# ASSIGNMENT
Within the records below is a range that opens at the line with "White and Gold" and closes at the line with "Long Sleeve Orange Seam Dress". Return that range word for word, both ends included, and only that range.

# MATERIAL PROVIDED
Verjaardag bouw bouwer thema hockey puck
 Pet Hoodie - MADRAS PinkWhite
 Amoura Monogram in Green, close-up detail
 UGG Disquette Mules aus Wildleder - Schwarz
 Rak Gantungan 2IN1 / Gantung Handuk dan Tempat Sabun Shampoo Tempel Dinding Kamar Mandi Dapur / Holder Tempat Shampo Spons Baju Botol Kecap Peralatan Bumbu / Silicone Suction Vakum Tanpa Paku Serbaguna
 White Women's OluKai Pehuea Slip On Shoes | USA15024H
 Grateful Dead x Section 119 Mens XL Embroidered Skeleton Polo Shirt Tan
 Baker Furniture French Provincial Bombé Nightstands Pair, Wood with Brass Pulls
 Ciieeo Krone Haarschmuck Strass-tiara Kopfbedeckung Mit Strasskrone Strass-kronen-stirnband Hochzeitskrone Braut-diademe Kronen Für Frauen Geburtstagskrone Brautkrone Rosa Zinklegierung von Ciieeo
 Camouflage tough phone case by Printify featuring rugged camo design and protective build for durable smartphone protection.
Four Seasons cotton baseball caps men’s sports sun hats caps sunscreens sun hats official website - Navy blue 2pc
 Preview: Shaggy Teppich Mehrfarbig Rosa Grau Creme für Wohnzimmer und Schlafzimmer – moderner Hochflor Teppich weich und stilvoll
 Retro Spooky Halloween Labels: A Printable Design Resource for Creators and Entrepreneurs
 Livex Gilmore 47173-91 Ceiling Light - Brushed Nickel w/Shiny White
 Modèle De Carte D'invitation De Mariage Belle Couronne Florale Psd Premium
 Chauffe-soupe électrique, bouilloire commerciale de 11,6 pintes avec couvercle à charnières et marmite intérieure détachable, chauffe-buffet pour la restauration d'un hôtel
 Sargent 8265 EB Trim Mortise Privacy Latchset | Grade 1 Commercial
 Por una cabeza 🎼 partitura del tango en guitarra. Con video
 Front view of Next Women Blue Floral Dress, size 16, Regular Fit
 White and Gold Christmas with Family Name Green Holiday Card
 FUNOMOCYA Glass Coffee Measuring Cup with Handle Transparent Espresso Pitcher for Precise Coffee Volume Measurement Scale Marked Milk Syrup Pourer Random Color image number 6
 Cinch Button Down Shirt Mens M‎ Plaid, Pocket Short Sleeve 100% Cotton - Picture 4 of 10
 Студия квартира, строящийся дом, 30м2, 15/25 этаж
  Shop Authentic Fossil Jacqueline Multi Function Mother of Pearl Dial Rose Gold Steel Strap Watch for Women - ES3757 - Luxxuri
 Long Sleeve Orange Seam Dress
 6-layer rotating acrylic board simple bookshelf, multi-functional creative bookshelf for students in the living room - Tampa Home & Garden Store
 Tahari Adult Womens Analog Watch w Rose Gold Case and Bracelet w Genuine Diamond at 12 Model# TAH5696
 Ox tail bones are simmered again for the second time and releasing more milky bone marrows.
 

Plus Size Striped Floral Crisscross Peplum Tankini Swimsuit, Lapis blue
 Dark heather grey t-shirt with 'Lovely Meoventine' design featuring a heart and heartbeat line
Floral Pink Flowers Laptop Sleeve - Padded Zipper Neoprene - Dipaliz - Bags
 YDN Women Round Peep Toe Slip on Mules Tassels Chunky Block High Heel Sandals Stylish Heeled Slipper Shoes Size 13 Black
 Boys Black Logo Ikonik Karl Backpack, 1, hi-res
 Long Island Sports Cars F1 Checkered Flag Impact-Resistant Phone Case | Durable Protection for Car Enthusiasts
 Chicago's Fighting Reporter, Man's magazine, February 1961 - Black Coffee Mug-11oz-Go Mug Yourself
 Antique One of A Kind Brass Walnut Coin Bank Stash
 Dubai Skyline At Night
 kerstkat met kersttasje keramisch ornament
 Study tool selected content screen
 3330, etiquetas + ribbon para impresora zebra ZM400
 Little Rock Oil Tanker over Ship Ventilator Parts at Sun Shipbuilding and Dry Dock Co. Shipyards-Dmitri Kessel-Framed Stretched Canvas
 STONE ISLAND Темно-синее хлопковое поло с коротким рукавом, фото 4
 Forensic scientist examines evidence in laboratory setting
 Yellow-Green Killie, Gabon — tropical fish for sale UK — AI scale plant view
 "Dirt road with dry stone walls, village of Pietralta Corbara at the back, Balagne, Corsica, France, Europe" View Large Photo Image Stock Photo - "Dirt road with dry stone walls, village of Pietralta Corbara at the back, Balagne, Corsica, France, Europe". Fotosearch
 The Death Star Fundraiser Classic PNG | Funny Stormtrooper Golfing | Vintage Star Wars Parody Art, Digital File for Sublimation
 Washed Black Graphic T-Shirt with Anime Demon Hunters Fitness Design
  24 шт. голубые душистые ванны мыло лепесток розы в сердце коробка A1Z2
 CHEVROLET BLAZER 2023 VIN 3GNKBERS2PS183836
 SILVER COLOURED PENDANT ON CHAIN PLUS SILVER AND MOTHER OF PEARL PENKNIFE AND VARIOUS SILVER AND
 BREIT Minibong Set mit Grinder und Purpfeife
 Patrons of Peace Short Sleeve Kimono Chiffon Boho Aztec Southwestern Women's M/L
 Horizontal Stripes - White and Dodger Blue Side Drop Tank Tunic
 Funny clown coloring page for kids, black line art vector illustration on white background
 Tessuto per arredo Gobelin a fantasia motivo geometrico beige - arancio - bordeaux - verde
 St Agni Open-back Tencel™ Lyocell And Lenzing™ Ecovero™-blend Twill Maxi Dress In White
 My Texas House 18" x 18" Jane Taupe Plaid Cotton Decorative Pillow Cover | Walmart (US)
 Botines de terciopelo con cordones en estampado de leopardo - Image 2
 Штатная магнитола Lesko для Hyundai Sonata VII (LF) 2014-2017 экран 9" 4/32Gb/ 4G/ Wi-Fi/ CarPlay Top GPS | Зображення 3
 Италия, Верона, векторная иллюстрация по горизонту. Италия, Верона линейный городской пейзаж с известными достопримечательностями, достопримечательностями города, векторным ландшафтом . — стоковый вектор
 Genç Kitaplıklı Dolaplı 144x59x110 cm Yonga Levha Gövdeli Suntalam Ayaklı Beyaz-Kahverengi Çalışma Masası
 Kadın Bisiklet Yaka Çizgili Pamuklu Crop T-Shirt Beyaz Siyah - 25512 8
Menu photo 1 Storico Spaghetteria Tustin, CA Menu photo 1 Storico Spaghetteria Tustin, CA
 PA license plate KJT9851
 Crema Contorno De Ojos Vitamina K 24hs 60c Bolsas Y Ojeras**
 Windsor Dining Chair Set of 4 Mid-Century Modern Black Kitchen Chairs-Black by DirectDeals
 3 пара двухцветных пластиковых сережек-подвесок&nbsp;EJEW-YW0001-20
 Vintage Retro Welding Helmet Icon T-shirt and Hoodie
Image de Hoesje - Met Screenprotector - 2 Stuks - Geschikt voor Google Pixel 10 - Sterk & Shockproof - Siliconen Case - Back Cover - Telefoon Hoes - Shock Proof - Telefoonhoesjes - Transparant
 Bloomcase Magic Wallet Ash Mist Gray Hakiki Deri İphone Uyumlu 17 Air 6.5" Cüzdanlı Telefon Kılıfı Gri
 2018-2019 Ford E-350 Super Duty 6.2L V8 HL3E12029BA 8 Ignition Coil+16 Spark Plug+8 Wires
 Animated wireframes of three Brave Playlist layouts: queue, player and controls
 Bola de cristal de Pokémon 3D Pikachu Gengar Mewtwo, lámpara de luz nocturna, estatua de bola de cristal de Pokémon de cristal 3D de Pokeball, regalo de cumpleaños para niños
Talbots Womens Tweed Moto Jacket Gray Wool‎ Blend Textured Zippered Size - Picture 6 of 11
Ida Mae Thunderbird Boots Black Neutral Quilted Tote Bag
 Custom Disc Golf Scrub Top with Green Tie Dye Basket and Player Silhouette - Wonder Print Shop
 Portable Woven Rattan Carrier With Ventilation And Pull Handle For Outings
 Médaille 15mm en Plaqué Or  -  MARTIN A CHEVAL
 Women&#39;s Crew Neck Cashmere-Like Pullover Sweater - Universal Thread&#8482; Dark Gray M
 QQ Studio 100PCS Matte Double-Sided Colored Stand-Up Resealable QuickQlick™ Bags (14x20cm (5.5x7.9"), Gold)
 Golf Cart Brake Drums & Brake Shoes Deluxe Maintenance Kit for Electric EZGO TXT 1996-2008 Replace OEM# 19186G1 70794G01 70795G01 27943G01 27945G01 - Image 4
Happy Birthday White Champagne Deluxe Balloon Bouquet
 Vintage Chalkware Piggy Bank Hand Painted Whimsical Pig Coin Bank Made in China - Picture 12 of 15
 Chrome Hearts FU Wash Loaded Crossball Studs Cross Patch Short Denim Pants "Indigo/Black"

# ANSWER TO THE PROBLEM
 White and Gold Christmas with Family Name Green Holiday Card
 FUNOMOCYA Glass Coffee Measuring Cup with Handle Transparent Espresso Pitcher for Precise Coffee Volume Measurement Scale Marked Milk Syrup Pourer Random Color image number 6
 Cinch Button Down Shirt Mens M‎ Plaid, Pocket Short Sleeve 100% Cotton - Picture 4 of 10
 Студия квартира, строящийся дом, 30м2, 15/25 этаж
  Shop Authentic Fossil Jacqueline Multi Function Mother of Pearl Dial Rose Gold Steel Strap Watch for Women - ES3757 - Luxxuri
 Long Sleeve Orange Seam Dress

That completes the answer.